Our major contributions are summarized as follows: (1) Focusing on the actual application scenarios to study radar emitter identification, and simultaneously solving the problem that training data and testing data do not satisfy the same-distribution hypothesis and the problem of insufficient labeled data, which provides a good thinking way for future research in this area; (2) proposing a method combining support vector machine based on transfer learning with semi-supervised co-training algorithm; (3) verifying the interaction between the transfer learning method and the semi-supervised learning method for unknown radar emitter identification task.

2. Relevant Research

2.1. Transfer Learning

Transfer learning refers to learning the knowledge in the source domain $D_s$, and using in the target domain $D_t$ that is not the same distribution with $D_s$ but is related to $D_s$, which makes good the problem of insufficient training data. Unlike traditional machine learning methods, transfer learning [12] does not require training data and testing data to satisfy the same-distribution hypothesis. It can discover and extract knowledge in the source domain $D_s$ that matches the distribution of the target domain $D_t$ and is useful for identification in the target domain $D_t$.

Then it establishes classification models in the target domain $D_t$, which can make efficient use of existing labeled samples to avoid re-labeling in the target domain $D_t$.

From the perspective of transfer methods, transfer learning includes four basic methods: sample-based transfer [13], feature-based transfer [14], model-based transfer [15] and relationship-based transfer [16]. The sample-based transfer method refers to producing rules according to certain weights, and reusing data samples for transfer learning. The feature-based transfer method refers to mutual transfer by feature transformation, which reduces the gap between the source domain and the target domain, or transforms the data features of the source domain and the target domain into a unified feature space, and then utilizes the traditional machine learning methods for identification. The model-based transfer method refers to finding the parameter information shared between the source domain and the target domain to implement transferring. The relationship-based transfer method has a completely different approach from the above three methods, focusing on the similarity between the source domain samples and target domain samples.

2.2. Semi-Supervised Learning

The commonly used machine learning methods can be divided into three categories: supervised learning, unsupervised learning and semi-supervised learning.

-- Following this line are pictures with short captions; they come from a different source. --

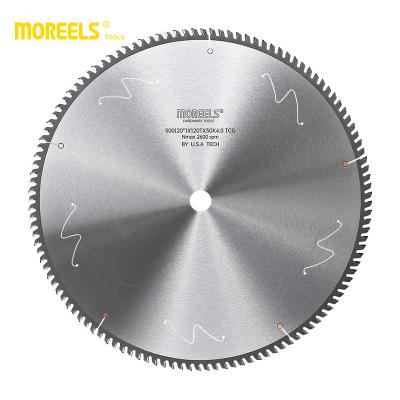 China . High Speed ​​Straight Edge Smooth Carbide Tilted Aluminum , Nonferrous Metal Circular Saw Blade 500(20)x120Tx30x4.0 TCG for sale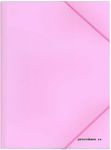 A&G Paper Folder with Rubber Band for Paper A4 Pink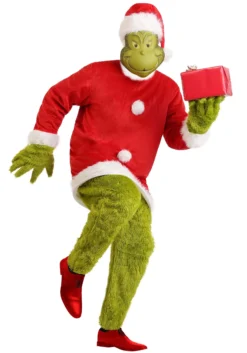 Elope The Grinch Men's Deluxe Santa Jumpsuit With Mask Costume 11 Elope The Grinch Men's Deluxe Santa Jumpsuit With Mask Costume -Cheap Anna Costumes Store mens the grinch santa deluxe jumpsuit with mask alt 4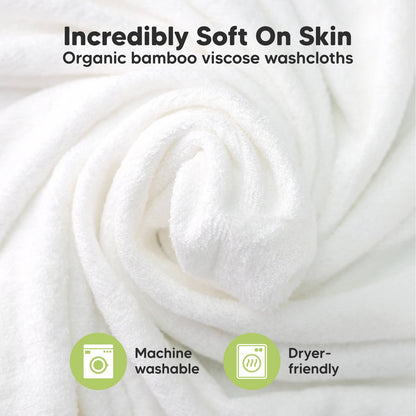 KeaBabies Organic Cotton Washcloths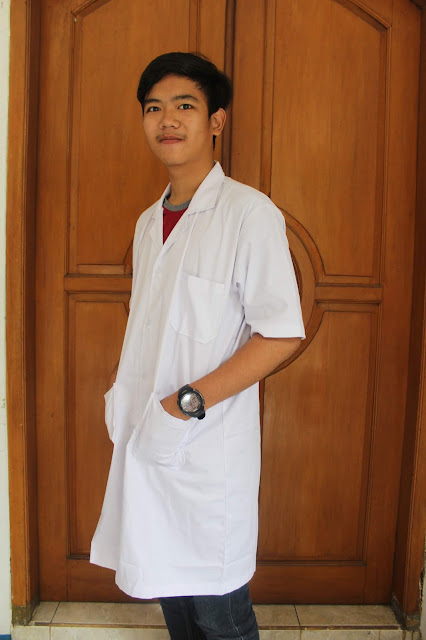 Konveksi  Baju laboratorium Lengan Pendek 0858-1456-2678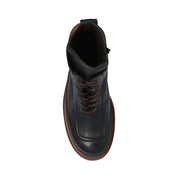 Mahalia Leather Lace-Up Boots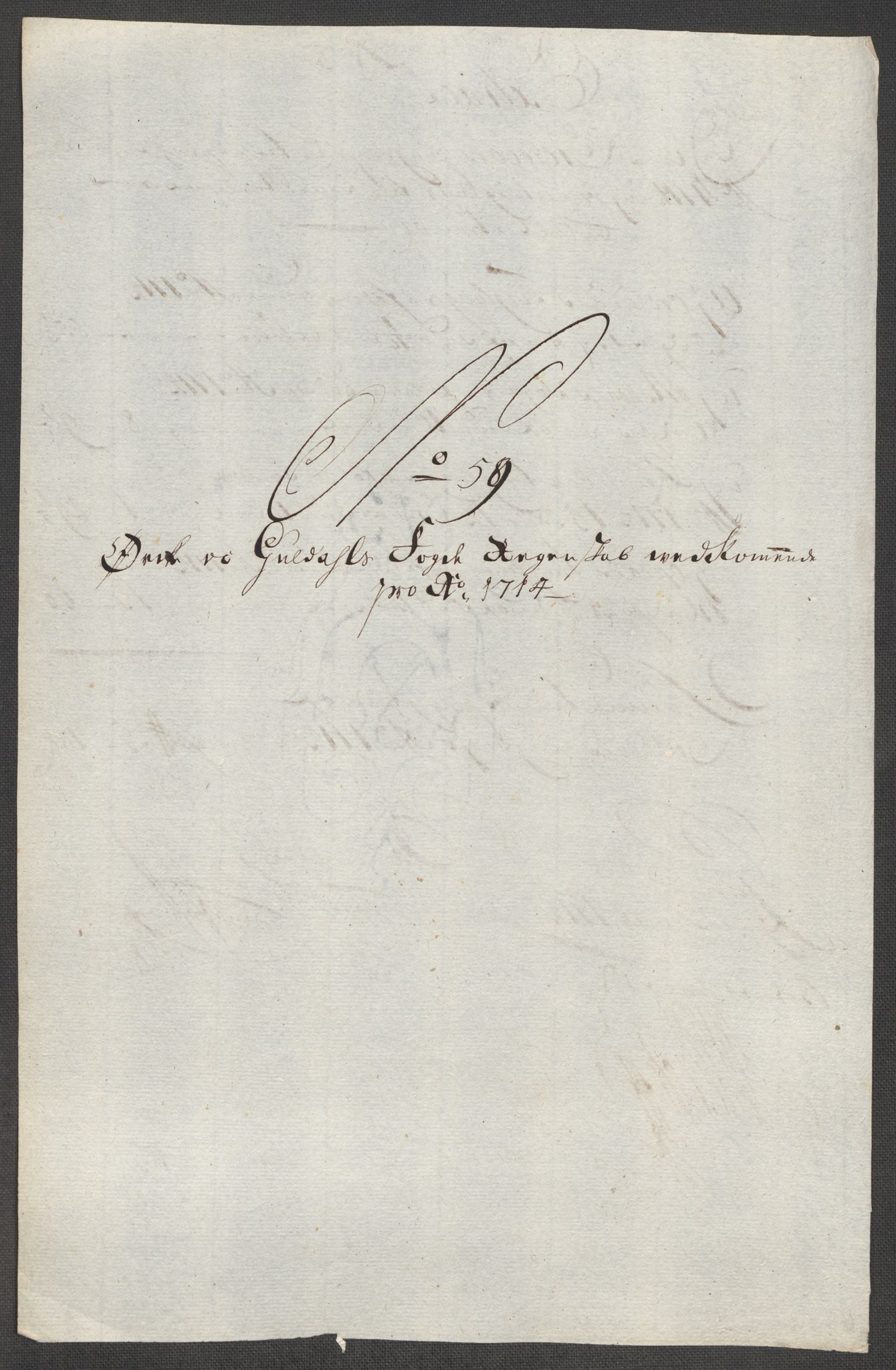 Rentekammeret inntil 1814, Reviderte regnskaper, Fogderegnskap, AV/RA-EA-4092/R60/L3965: Fogderegnskap Orkdal og Gauldal, 1714, p. 404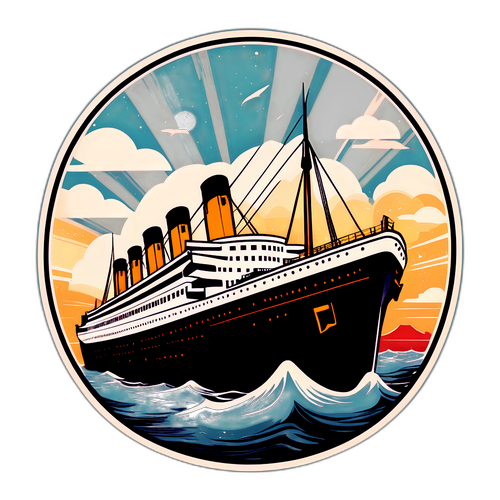 Retro Titanic poszter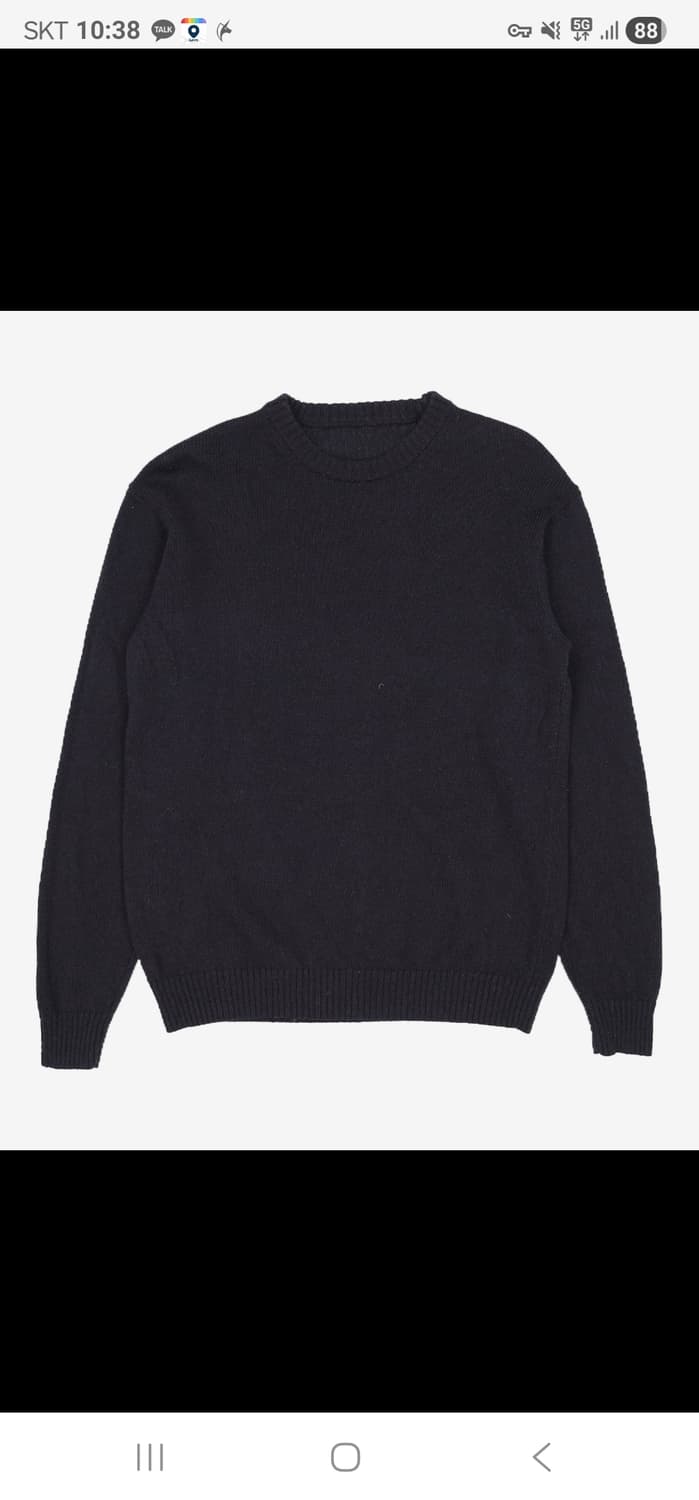 MUJI 무인양품 블랙 니트 XL 상품이미지1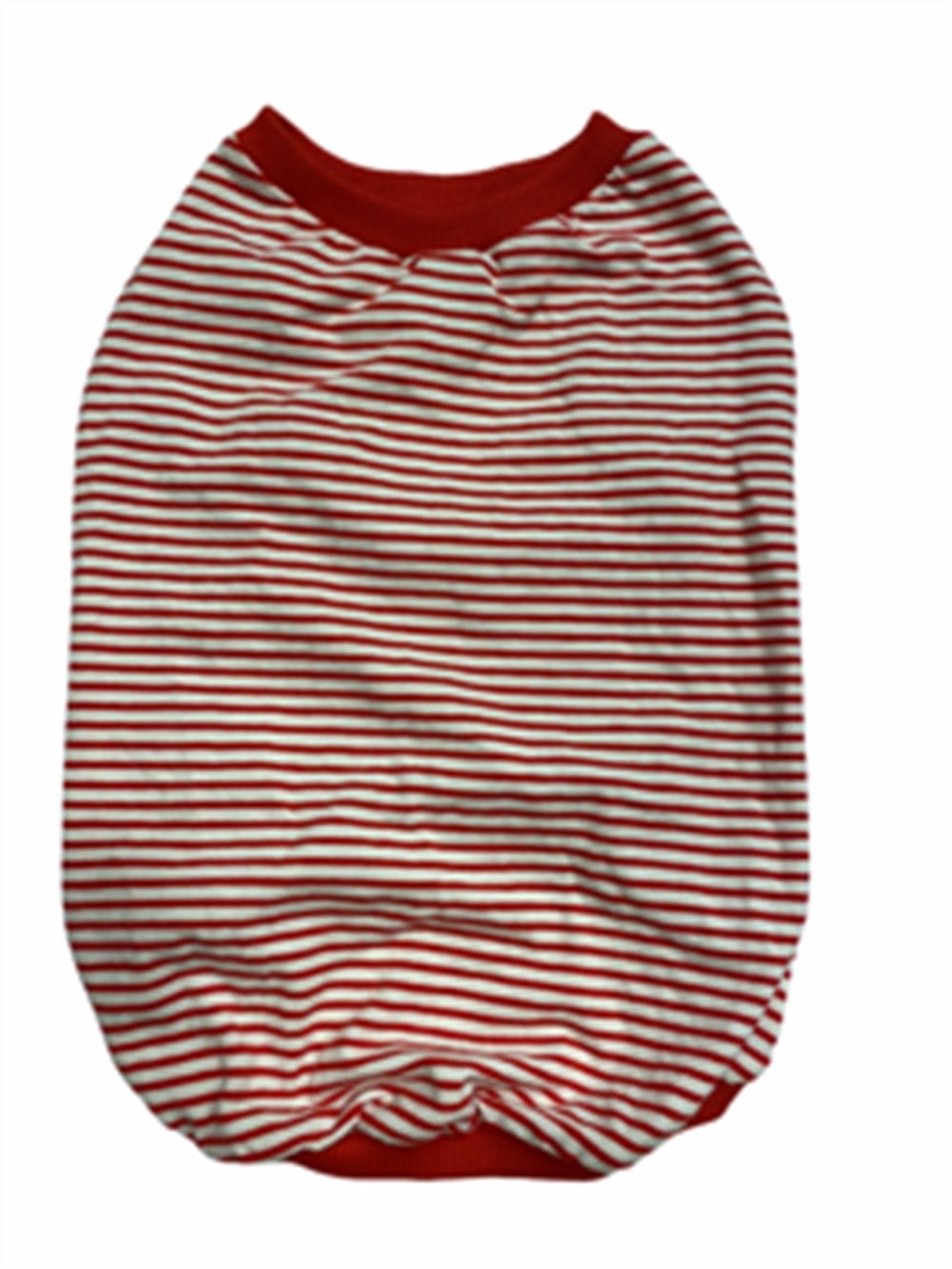 Kırmızı Beyaz Çizgili Penye T-shirt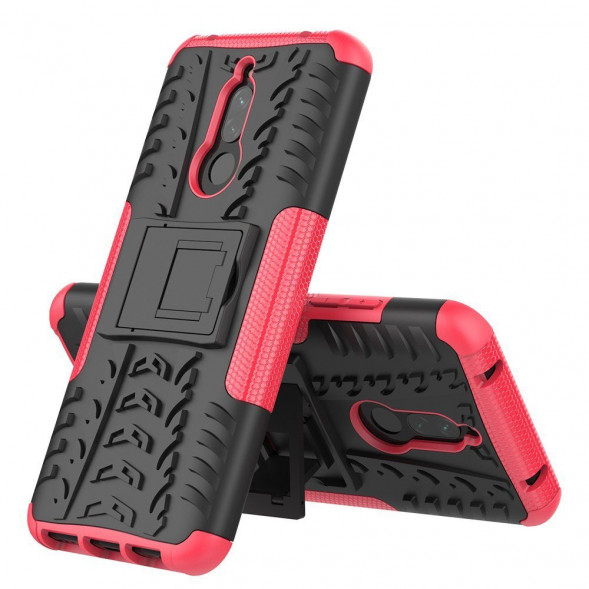 Чехол с подставкой для Xiaomi Redmi 8, Redmi 8A (розовый)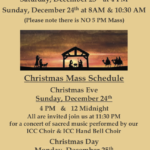 Christmas Mass Schedule 2017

Supervised learning refers to only using labeled samples for training, and may not obtain a model with high generalization ability in the case of fewer labeled samples. Unsupervised learning refers to only using unlabeled samples for training, regardless of labeled samples, which results in a waste of samples. Semi-supervised learning can process a small number of labeled samples and a large number of unlabeled samples at the same time, combining the advantages of supervised learning and unsupervised learning.

The four most commonly used algorithms for semi-supervised learning are Self-Training [17], Co-Training [18], Generative Model [19] and Graph-Based Semi-supervised [20]. The Self-Training algorithm refers to the use of a self-classifier to continuously generate high-confidence samples for improving the final classification performance. The Co-Training algorithm refers to separately training the classifier on two views, which is representative of multi-view learning. The Generative Model-based method means that the data of different categories meets different distributions, and if its conditional probability distribution is known, the parameters of the model can be solved. The Graph-Based, Semi-supervised method refers to passing the label information of labeled samples to unlabeled samples according to the adjacency relationship in the graph, thereby realizing the classification of the unlabeled samples.

3. Unknown Radar Emitter Identification Based on Semi-Supervised and Transfer Learning

In this section, we use the support vector machine model as the base classifier. Firstly, we construct the support vector machine based on transfer learning, and define the calculation index to measure the transfer ability. Then we study the training effect enhancement method based on the semi-supervised co-training algorithm. Finally, we combine the transfer learning method with the semi-supervised learning method for the unknown radar emitter identification task.

3.1. Support Vector Machine Based on Transfer Learning

The support vector machine (SVM) model has the characteristics of simple structure and global optimization, and is good at solving small sample and nonlinear problems. Therefore, this section chooses the support vector machine model as the base classifier to perform radar emitter identification.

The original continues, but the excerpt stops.